Assigned task:
Output the records in full, exactly as given.

Information:

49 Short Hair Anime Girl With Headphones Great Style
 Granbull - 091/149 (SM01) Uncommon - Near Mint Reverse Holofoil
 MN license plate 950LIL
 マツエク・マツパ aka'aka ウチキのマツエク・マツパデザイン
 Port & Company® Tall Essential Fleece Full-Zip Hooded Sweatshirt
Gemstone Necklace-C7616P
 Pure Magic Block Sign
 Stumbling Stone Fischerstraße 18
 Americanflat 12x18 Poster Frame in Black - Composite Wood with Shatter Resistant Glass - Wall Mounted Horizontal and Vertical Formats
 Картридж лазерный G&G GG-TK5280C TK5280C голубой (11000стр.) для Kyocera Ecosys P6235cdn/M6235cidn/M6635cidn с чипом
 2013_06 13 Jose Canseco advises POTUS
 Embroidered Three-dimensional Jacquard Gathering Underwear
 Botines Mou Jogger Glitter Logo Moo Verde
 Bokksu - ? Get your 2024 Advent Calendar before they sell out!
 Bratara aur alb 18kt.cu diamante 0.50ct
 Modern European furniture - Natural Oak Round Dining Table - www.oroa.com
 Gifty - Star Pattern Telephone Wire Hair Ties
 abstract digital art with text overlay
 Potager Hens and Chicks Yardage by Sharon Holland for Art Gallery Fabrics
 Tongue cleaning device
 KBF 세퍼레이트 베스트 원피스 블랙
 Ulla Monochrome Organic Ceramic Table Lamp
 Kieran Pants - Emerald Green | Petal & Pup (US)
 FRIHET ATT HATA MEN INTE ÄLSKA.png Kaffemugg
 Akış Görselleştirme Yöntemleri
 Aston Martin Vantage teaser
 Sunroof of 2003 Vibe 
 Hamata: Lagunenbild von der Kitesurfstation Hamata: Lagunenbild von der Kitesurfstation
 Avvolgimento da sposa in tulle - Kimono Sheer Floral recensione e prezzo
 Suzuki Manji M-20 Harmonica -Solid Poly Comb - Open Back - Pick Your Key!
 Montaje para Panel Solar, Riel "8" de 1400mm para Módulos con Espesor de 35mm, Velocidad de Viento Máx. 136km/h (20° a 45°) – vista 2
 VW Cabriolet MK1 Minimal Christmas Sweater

Exercise answer:
49 Short Hair Anime Girl With Headphones Great Style
 Granbull - 091/149 (SM01) Uncommon - Near Mint Reverse Holofoil
 MN license plate 950LIL
 マツエク・マツパ aka'aka ウチキのマツエク・マツパデザイン
 Port & Company® Tall Essential Fleece Full-Zip Hooded Sweatshirt
Gemstone Necklace-C7616P
 Pure Magic Block Sign
 Stumbling Stone Fischerstraße 18
 Americanflat 12x18 Poster Frame in Black - Composite Wood with Shatter Resistant Glass - Wall Mounted Horizontal and Vertical Formats
 Картридж лазерный G&G GG-TK5280C TK5280C голубой (11000стр.) для Kyocera Ecosys P6235cdn/M6235cidn/M6635cidn с чипом
 2013_06 13 Jose Canseco advises POTUS
 Embroidered Three-dimensional Jacquard Gathering Underwear
 Botines Mou Jogger Glitter Logo Moo Verde
 Bokksu - ? Get your 2024 Advent Calendar before they sell out!
 Bratara aur alb 18kt.cu diamante 0.50ct
 Modern European furniture - Natural Oak Round Dining Table - www.oroa.com
 Gifty - Star Pattern Telephone Wire Hair Ties
 abstract digital art with text overlay
 Potager Hens and Chicks Yardage by Sharon Holland for Art Gallery Fabrics
 Tongue cleaning device
 KBF 세퍼레이트 베스트 원피스 블랙
 Ulla Monochrome Organic Ceramic Table Lamp
 Kieran Pants - Emerald Green | Petal & Pup (US)
 FRIHET ATT HATA MEN INTE ÄLSKA.png Kaffemugg
 Akış Görselleştirme Yöntemleri
 Aston Martin Vantage teaser
 Sunroof of 2003 Vibe 
 Hamata: Lagunenbild von der Kitesurfstation Hamata: Lagunenbild von der Kitesurfstation
 Avvolgimento da sposa in tulle - Kimono Sheer Floral recensione e prezzo
 Suzuki Manji M-20 Harmonica -Solid Poly Comb - Open Back - Pick Your Key!
 Montaje para Panel Solar, Riel "8" de 1400mm para Módulos con Espesor de 35mm, Velocidad de Viento Máx. 136km/h (20° a 45°) – vista 2
 VW Cabriolet MK1 Minimal Christmas Sweater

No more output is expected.